------ Information provided

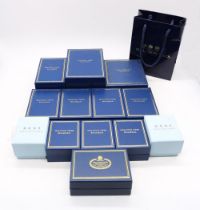 A collection of fourteen boxed Halcyon Days enamelled boxes to include; Born to Shop, With love from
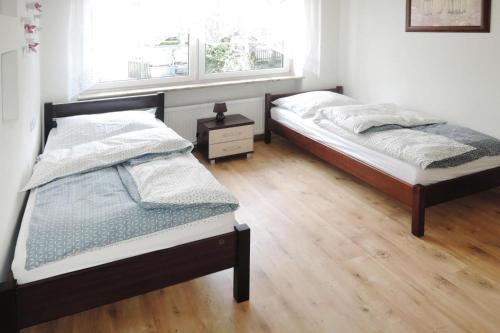 2 Betten in einem Schlafzimmer mit Holzboden in der Unterkunft Holiday flat, Stepnica in Stepnica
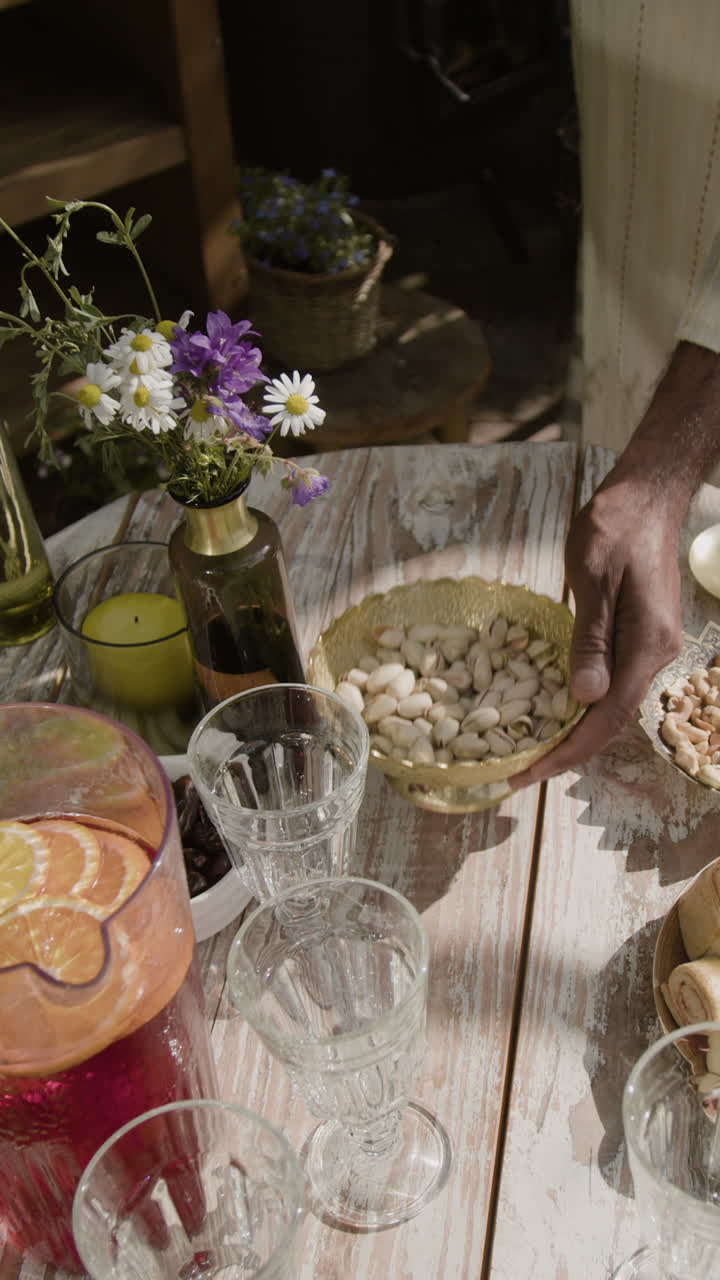 Outdoor table setting with snacks, drinks, and flowers for a summer gathering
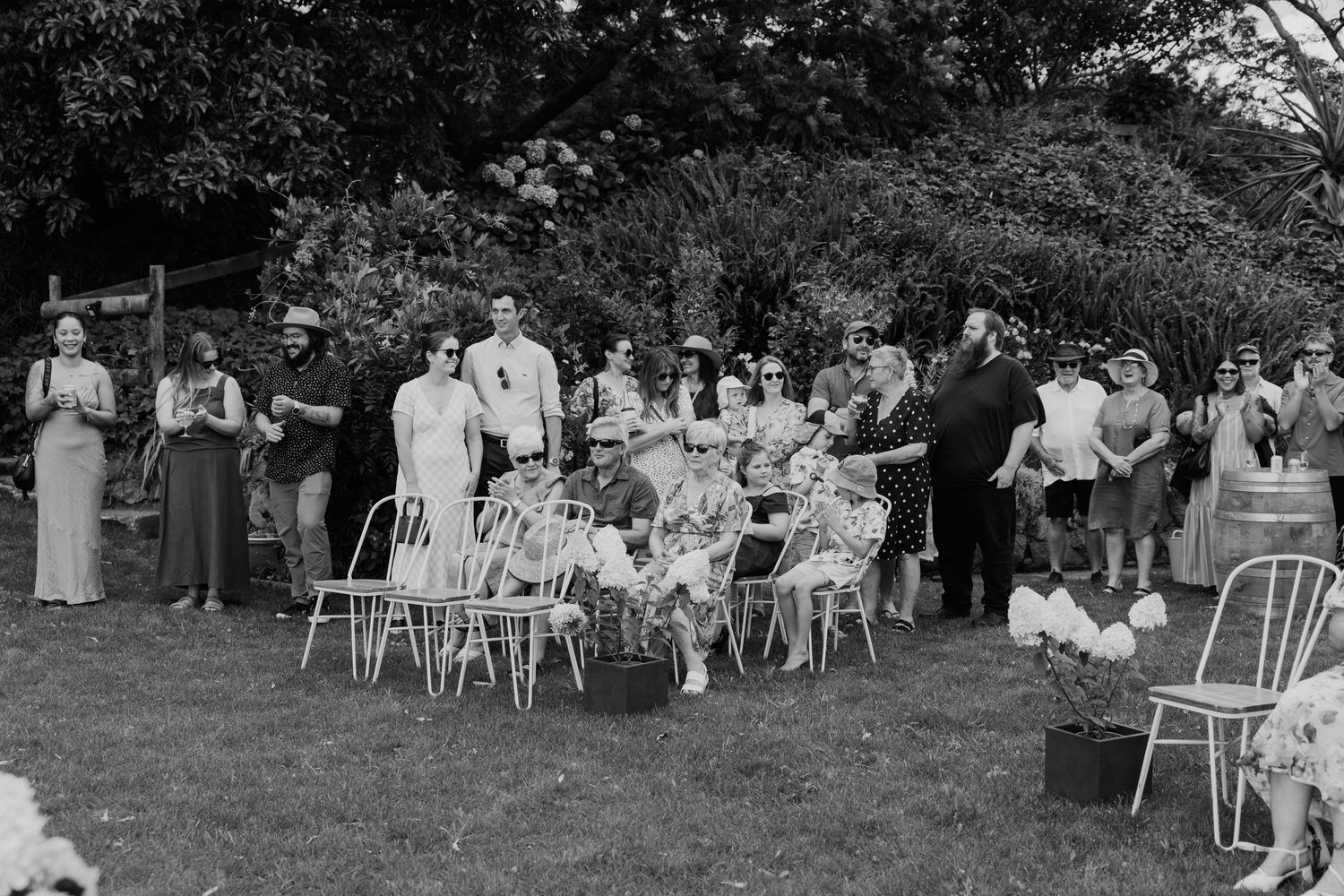 Black and white photo of guests gathered outdoors at a garden wedding ceremony, seated and standing on green lawn.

------------

Your task:
Everything in the material except the pictures should be restated word for word.

Written solution:
 A collection of fourteen boxed Halcyon Days enamelled boxes to include; Born to Shop, With love from
 2 Betten in einem Schlafzimmer mit Holzboden in der Unterkunft Holiday flat, Stepnica in Stepnica
 Outdoor table setting with snacks, drinks, and flowers for a summer gathering
 Black and white photo of guests gathered outdoors at a garden wedding ceremony, seated and standing on green lawn.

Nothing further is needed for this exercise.